"WE ARE APPROACHING A CLIFF. IF WE DON'T TAKE STEPS TO SLOW OR STOP DRUG RESISTANCE, WE WILL FALL BACK TO A TIME WHEN SIMPLE INFECTIONS KILLED PEOPLE."
Building IT infrastructure for the fight
To combat these “superbugs,” researchers are using the latest genomics technologies—in particular next-generation sequencing (NGS) and whole-genome sequencing (WGS)—to pinpoint areas of bacterial resistance and develop new drugs to attack them.
Healthcare CIOs and IT leaders are organizing their infrastructures to accommodate the new workflows demanded by NGS.
These DNA sequencing technologies have been around for more than a decade, but only recently have they evolved enough to sequence large numbers of bacterial genomes, interpret their significance in the context of current and potential drugs, and deliver results in real time.
BACTERIAL INFECTIONS ACCOUNT FOR MORE THAN 13% OF DEATHS WORLDWIDE.
Technology to match the threat
Genomic sequencing can also identify pathogens that can’t be cultured through known techniques— pathogens that would remain unknown, to the profound detriment of public health. Recent NGS procedures not only differentiate known pathogen strains with incredible precision, but also alert researchers to previously unidentified pathogens, including viruses.
Practical technology is following the research.
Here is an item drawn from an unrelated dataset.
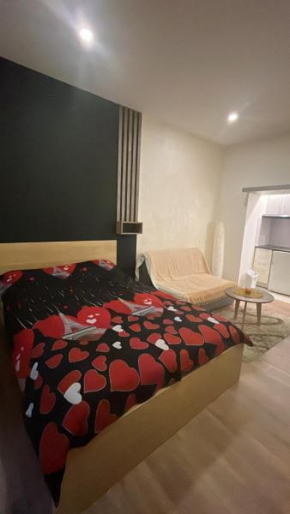 Apartment Bubble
Software already exists to identify bacterial strains and their resistance profiles, providing comprehensive reports in three minutes on a laptop.
"We don’t want untreatable infections to become common,” said Arjun Srinivasan, MD, the CDC’s Associate Director for Healthcare Associated Infection Prevention Programs, in a CDC release. The CDC’s “plans to combat this include obtaining real-time data about antibiotic use and trends to better understand prescribing practices in doctor’s offices and…hospitals." Getting this real-time data is critical, as is the ability to analyze it quickly and get actionable insights.
NGS and WGS also are invaluable tools for improving diagnostic tests. One example: WGS was used to discover a resistant gene in S. aureus, leading to changes in other types of tests to avoid false-negative results.
Indeed, WGS and NGS could ultimately be established as the only reliable means of pinpointing the root causes of drug resistance. Recent research has identified more than 70 genes associated with antibiotic resistance, meaning that current survey procedures—which typically only analyze small portions of bacterial DNA—could be inherently unreliable.
"THIS GENERATION OF ANALYTICS IS SOLVING FOUNDATIONAL PROBLEMS. AS SOON AS A HEALTH SYSTEM HITS THAT SWEET SPOT WHERE EVERYTHING IS ALIGNED AND THEIR ANALYTICS ARE REALLY HUMMING, WE WILL DRIVE A HUGE PHASE CHANGE IN HEALTHCARE."